I went to him and placed an arm around his waist.
–Where do you want to go?
–Over to the bed. Come around.
He grabbed the lapel of my jacket and I almost lost my balance. And then I felt his hand inside my jacket, fumbling with my inside pocket. And then he seemed to steady himself.
–Just give me your arm, he said.
When we were beside the bed, he turned, placed his arms around my neck.
–Now you’ll have to do a little lifting, he said.
I
placed my hands below his armpits, to raise him. He had his hands on my shoulders, face pressed against my ear, and he was whispering.
–They hear everything, he said.
–Hmmm?
–Every word. They’re listening. They’re watching.
I lowered him to the bedside.
–This is great, he declared.
Then, with his head cocked to one side, he again whispered:
–The fucking room is wired.
I stared at him as he settled back against the pillows. Then he instructed me to make mechanical adjustments so he was sitting almost upright. The door opened. Peggy arrived with a tray, on it two mugs of coffee, cookies.
–How are we doing? she asked cheerfully.
–Catching up, I said.
–I’ll leave you to it.
And she did.
Allan lapsed into silence when we were alone again. His hand trembled as he raised his mug. I thought of Mom as he struggled, lips pursed, leaning toward the mug to get a sip.
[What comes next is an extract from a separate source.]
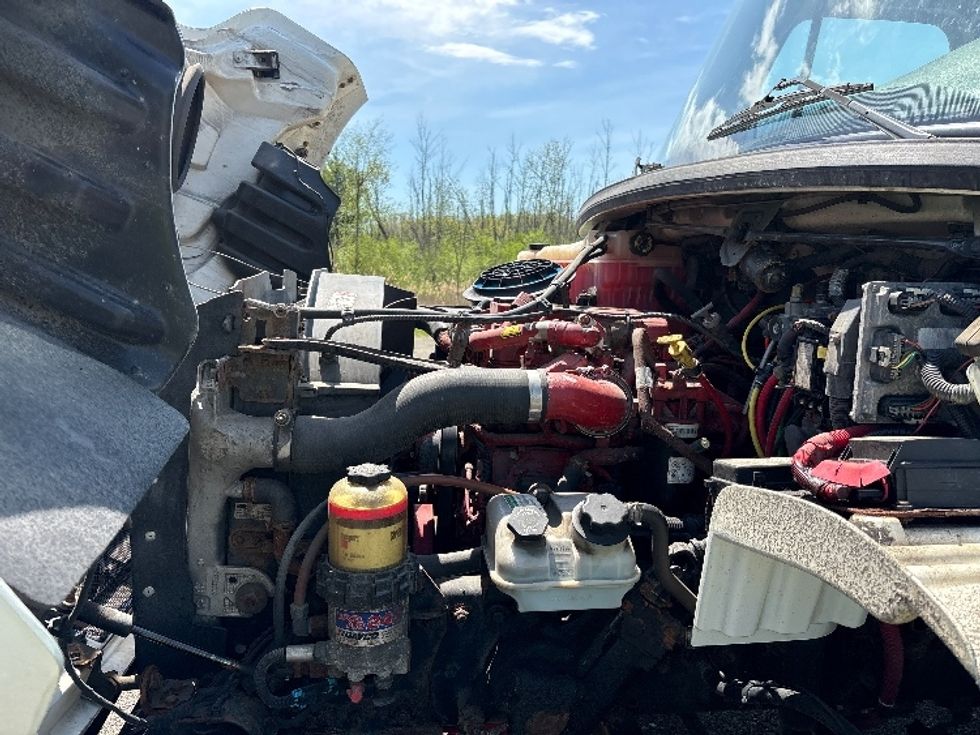 Medium Duty Box Truck-Light and Medium Duty Trucks-Freightliner-2016-M2-Coxsackie-NY-251,974\n\t\tmiles-$ 28,250 - Image 24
She had bouts of paranoia too, days when she’d convince herself that Shirley was spying on her, or that I was snooping in her purse.
Coffee slopped onto his shirt, but he didn’t seem to notice.
–So, this transition, I said.
–Well, we had things pretty well set up before all this.
–Yes, the reorganization. But I’m not sure about the stuff before I came on board.
–The dark ages. Forget about them. That’s history.
–The casino?
–I handed everything over to the Indians. There was a reasonable agreement about money. You can forget about that casino.
–There’s another?
He nibbled on a cookie, stared some more at me.
–I’m a little out of touch, I said.
–That makes two of us, he said, and laughed. Hold this.
He handed me his mug, struggled to sit up straighter.
–That’s better, he said.
I handed it back and he sipped at it for a while.
–How are you, anyway? he said. What’s going on with you? The women don’t tell me anything.
–Nothing much happens on the farm.
–You can see what I’ve been dealing with, he said, gesturing around the room.